Boa noite, caro leitor,
O ventilador chora nos meus ouvidos. A coberta implora perdão. O calor é cruel. A cerveja desce gelada, é puro prazer. Em toda noite vejo o dia, em todo dia a noite. Por que não o presente? Embalo minha história em notícias, faço de mim jornal, quero ser divulgado, quero me perder na boca do povo, quero ser declamado feito poema, reclamado feito problema, apenas não quero passar em branco, feito papel desprezado. Sou carente e passo parte da minha vida a apontar lápis. Faço isso para ter tempo de pensar, de refletir e escolher o que dizer. No final do dia, quando o dia é noite. Simplesmente não penso, tampouco digo. Com o lápis afiado risco o papel, rabisco feito criança, arranho a pele, furo o pulso de minha cabeça e deixo escorrer em palavras o que até então fiz pensar. Sou um susto, sou um fato. Me mato em discurso na noite, enforcado numa frase longa e apertada, apenas para que possa ser livre no dia seguinte. Mas qual não é minha surpresa ao ver chegar no dia seguinte pela manhã, feito cilada, feito políca, uma milíca armada de sílabas, pontuações, sentidos, palavras e invadir minha cabeça perversa, colocando-me refém de mim mesmo. No momento de desespero, seguro firme o estilete enferrujado e aponto mais um lápis e assim escrevo impertinente, certo de que gastarei tudo que tenho à mente. Demente. Demente:
Cocota - Entro no ônibus cheio. Exatamente treze minutos para as vinte e três horas. Avenida Augusto de Lima, a carótida sexual da cidade de Belo Horizonte. Ali a vida noturna transborda. Encontro-me no meio de estudantes, trabalhadores, homens, mulheres, nenhuma criança e ela. Uma senhora, morena (entenda, morena não é negra). Em torno de seus cinquenta anos. Peitos fartos, assim como o decote que não cobre nada. Calça jeans apertada. A sandália: plataforma na frente, salto agulha atrás. No pescoço um lenço colorido. Na cabeça uma fita preta. Nos lábios um batom vermelho muito forte. Nas unhas um esmalte vermelho tão forte como o batom. Sombra azul escuro, perfume barato, um par de brincos dourados cavalo-marinho. Essa dama desfila um sorriso e um charme. Atinge aos mais próximos, entorta os mais novos. Em algum lugar do passado, dela e nosso, viveu na rua, viveu na noite o suficiente para aprender a seduzir. A noite é fresca, mais agradável que o dia que é quente.

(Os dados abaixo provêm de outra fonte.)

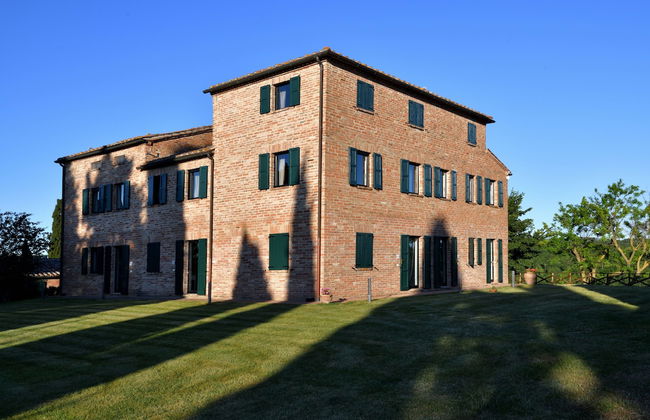 Porsenna Resort - Foto 72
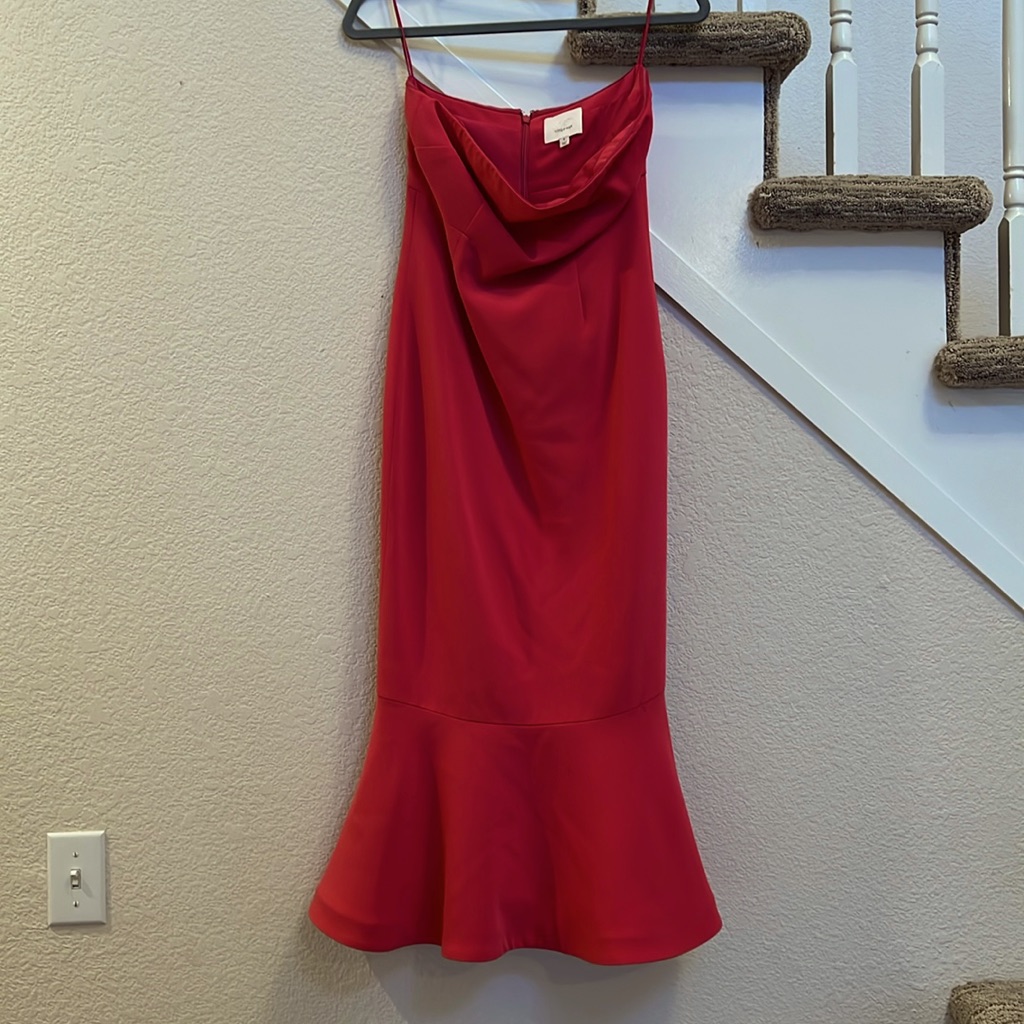 Show Stopping Dress!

Bruxa - Tarde infernal. Alguém abriu os portões do inferno, se é que há por lá algum portão, e se é que já não o tivessem aberto antes. Importa-nos que está quente, muito quente. A respiração comprometida. O olhar lento, preguiçoso, se perde no jardim interno. O ataque: numa corrida frenética, num salto vertiginoso. Que abraço mais apertado. Ela, minha bailarina, minha dançarina, a menina que povoou meus desejos. Um beijo apertado, a saudade apertada. A vontade: romper com os limites do concreto e misturar uma alma noutra. Impossível, o que deus criou o homem não desmancha. O batom reflete meu sorriso. O estalar dos lábios é a lembraça do que ora brilhou e hoje é fosco.
Boneca - Avenida Dom Pedro Segundo. Noite. Sete minutos para as vinte e três horas. A noite fresca me faz carinho. Na cara recorto um sorriso. Ouço música em meu mp3, música pop. A cada esquina mais prostitutas. Conto seis, conto dez, conto doze e paro. Brinco com números e esboço passos de dança num ônibus cheio. Alguém brinca com os corpos expostos. Brinquem comigo, mas não brinquem com meu brinquedo.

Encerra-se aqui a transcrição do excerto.